**Task to complete**.
The response should be the lines of the data, starting at the first and ending at the one that contains "Moody & Elegant", copied without change.

[Saved entries]
== Segment start ==
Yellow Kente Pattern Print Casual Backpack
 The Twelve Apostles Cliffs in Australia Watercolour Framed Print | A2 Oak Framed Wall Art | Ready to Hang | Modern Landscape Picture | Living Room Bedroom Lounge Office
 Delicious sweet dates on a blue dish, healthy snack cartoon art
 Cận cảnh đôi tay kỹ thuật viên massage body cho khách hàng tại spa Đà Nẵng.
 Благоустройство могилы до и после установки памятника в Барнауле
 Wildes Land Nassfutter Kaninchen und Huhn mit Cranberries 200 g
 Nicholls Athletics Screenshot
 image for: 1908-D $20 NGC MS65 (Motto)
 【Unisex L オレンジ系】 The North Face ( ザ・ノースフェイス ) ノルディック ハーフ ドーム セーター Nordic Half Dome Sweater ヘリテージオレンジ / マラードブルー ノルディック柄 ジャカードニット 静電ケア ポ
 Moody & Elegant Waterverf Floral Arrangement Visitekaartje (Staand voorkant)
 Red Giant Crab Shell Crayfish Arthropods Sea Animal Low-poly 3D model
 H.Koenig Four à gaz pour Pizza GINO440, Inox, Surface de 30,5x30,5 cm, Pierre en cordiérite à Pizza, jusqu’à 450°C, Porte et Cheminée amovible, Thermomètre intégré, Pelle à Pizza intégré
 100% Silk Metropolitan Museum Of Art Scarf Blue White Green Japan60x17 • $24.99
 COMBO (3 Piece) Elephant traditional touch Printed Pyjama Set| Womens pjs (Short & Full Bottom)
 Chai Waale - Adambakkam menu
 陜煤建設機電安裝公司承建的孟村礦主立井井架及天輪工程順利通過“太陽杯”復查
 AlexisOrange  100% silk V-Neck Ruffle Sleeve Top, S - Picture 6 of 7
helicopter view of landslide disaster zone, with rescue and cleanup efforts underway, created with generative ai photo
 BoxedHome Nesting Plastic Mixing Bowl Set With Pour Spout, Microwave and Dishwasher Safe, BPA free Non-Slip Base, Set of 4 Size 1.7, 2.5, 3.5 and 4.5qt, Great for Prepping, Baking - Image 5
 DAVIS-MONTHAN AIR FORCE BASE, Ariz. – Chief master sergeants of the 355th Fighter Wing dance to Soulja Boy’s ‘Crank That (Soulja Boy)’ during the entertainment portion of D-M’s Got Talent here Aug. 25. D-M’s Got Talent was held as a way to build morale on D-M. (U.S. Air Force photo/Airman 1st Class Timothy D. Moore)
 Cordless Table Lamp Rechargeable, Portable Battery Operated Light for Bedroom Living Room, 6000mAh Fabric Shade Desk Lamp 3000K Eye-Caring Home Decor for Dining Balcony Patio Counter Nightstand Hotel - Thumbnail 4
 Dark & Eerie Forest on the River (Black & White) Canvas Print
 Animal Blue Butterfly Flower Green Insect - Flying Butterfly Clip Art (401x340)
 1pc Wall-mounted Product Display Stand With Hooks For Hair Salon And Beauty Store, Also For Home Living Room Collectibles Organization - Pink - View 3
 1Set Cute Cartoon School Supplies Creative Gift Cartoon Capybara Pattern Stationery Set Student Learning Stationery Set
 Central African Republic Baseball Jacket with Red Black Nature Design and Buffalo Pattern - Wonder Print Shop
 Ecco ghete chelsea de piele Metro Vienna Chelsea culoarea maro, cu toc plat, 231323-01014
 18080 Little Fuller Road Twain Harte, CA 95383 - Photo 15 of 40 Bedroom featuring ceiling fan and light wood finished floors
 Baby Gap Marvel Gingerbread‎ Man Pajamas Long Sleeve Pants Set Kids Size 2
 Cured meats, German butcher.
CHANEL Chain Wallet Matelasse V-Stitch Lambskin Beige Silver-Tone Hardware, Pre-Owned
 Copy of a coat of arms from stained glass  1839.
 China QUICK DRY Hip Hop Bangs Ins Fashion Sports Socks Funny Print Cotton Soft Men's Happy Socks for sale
== Segment end ==
**Written response**.
Yellow Kente Pattern Print Casual Backpack
 The Twelve Apostles Cliffs in Australia Watercolour Framed Print | A2 Oak Framed Wall Art | Ready to Hang | Modern Landscape Picture | Living Room Bedroom Lounge Office
 Delicious sweet dates on a blue dish, healthy snack cartoon art
 Cận cảnh đôi tay kỹ thuật viên massage body cho khách hàng tại spa Đà Nẵng.
 Благоустройство могилы до и после установки памятника в Барнауле
 Wildes Land Nassfutter Kaninchen und Huhn mit Cranberries 200 g
 Nicholls Athletics Screenshot
 image for: 1908-D $20 NGC MS65 (Motto)
 【Unisex L オレンジ系】 The North Face ( ザ・ノースフェイス ) ノルディック ハーフ ドーム セーター Nordic Half Dome Sweater ヘリテージオレンジ / マラードブルー ノルディック柄 ジャカードニット 静電ケア ポ
 Moody & Elegant Waterverf Floral Arrangement Visitekaartje (Staand voorkant)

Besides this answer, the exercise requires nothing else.